TASK DETAILS: Beginning with the line containing "Polystichopsis chaerophylloides", give every line again exactly as it is, ending with the last line of the entries.

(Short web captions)
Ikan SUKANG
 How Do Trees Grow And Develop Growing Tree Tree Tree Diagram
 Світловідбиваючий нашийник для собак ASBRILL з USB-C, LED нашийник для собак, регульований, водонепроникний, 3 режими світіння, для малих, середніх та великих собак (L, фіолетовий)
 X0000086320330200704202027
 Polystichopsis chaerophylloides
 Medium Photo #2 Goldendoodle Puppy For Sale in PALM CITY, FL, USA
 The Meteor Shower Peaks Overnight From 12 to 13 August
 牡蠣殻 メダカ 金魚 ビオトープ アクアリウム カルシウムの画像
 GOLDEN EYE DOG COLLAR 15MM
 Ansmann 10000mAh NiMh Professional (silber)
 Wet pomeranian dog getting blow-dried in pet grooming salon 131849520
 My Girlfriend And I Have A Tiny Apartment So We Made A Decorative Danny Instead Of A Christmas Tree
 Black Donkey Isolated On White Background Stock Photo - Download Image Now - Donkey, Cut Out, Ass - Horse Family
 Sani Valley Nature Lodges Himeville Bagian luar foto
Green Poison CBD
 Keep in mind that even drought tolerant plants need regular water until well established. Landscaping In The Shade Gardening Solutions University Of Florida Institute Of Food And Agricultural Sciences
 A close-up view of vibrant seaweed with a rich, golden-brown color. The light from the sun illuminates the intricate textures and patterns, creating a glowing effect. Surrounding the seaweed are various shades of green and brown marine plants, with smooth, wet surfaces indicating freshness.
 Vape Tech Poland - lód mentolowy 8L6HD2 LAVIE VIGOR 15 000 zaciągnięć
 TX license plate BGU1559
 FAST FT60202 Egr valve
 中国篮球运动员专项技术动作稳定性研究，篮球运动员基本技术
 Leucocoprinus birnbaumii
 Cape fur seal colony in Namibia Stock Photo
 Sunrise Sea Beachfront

WORKED SOLUTION:
 Polystichopsis chaerophylloides
 Medium Photo #2 Goldendoodle Puppy For Sale in PALM CITY, FL, USA
 The Meteor Shower Peaks Overnight From 12 to 13 August
 牡蠣殻 メダカ 金魚 ビオトープ アクアリウム カルシウムの画像
 GOLDEN EYE DOG COLLAR 15MM
 Ansmann 10000mAh NiMh Professional (silber)
 Wet pomeranian dog getting blow-dried in pet grooming salon 131849520
 My Girlfriend And I Have A Tiny Apartment So We Made A Decorative Danny Instead Of A Christmas Tree
 Black Donkey Isolated On White Background Stock Photo - Download Image Now - Donkey, Cut Out, Ass - Horse Family
 Sani Valley Nature Lodges Himeville Bagian luar foto
Green Poison CBD
 Keep in mind that even drought tolerant plants need regular water until well established. Landscaping In The Shade Gardening Solutions University Of Florida Institute Of Food And Agricultural Sciences
 A close-up view of vibrant seaweed with a rich, golden-brown color. The light from the sun illuminates the intricate textures and patterns, creating a glowing effect. Surrounding the seaweed are various shades of green and brown marine plants, with smooth, wet surfaces indicating freshness.
 Vape Tech Poland - lód mentolowy 8L6HD2 LAVIE VIGOR 15 000 zaciągnięć
 TX license plate BGU1559
 FAST FT60202 Egr valve
 中国篮球运动员专项技术动作稳定性研究，篮球运动员基本技术
 Leucocoprinus birnbaumii
 Cape fur seal colony in Namibia Stock Photo
 Sunrise Sea Beachfront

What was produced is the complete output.